**SOURCE RECORDS**

——————

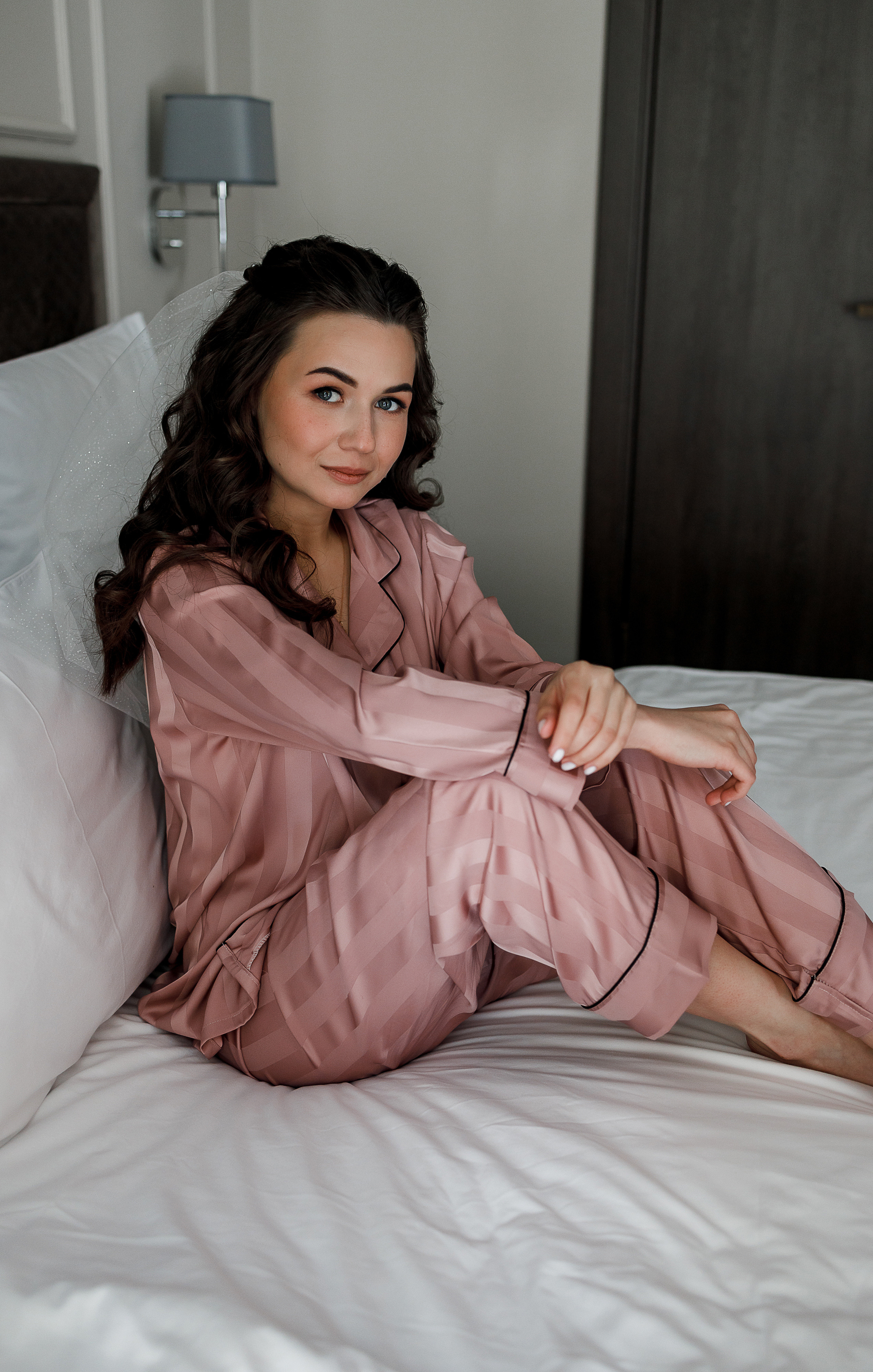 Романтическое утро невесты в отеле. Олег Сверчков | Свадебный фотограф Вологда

——————

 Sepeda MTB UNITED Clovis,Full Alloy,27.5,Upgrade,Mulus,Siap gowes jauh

——————

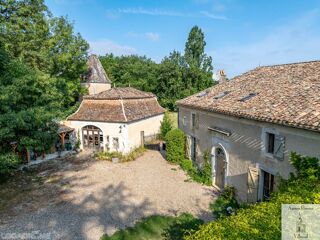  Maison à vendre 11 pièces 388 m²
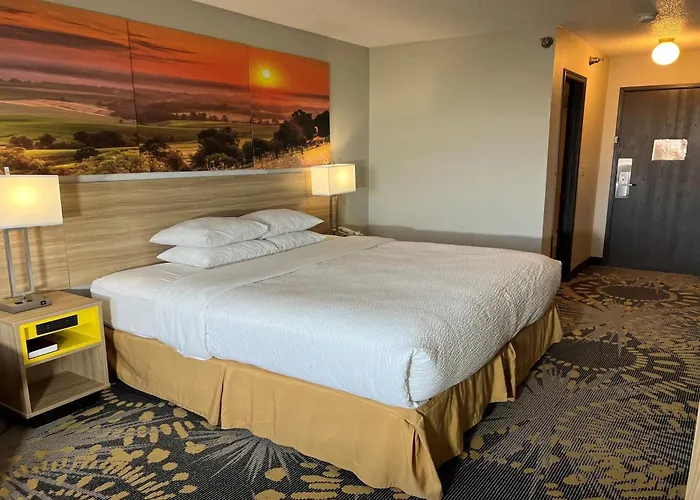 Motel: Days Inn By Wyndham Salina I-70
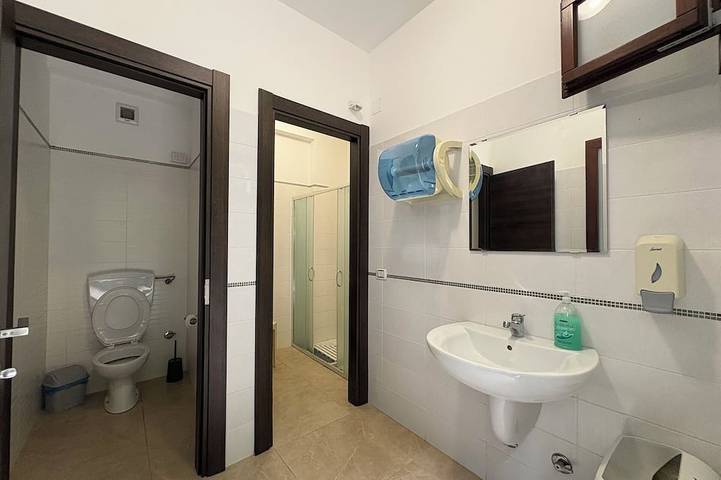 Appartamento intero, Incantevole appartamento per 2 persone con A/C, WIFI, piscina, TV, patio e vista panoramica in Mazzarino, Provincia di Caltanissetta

——————

**WHAT NEEDS TO BE DONE**
Would you please repeat only the lines above, beginning at the one that has "Motel: Days Inn By Wyndham Salina I-70" and stopping after the one that has "Appartamento intero, Incantevole", exactly and with no pictures?

**YOUR SOLUTION**
 Motel: Days Inn By Wyndham Salina I-70
 Appartamento intero, Incantevole appartamento per 2 persone con A/C, WIFI, piscina, TV, patio e vista panoramica in Mazzarino, Provincia di Caltanissetta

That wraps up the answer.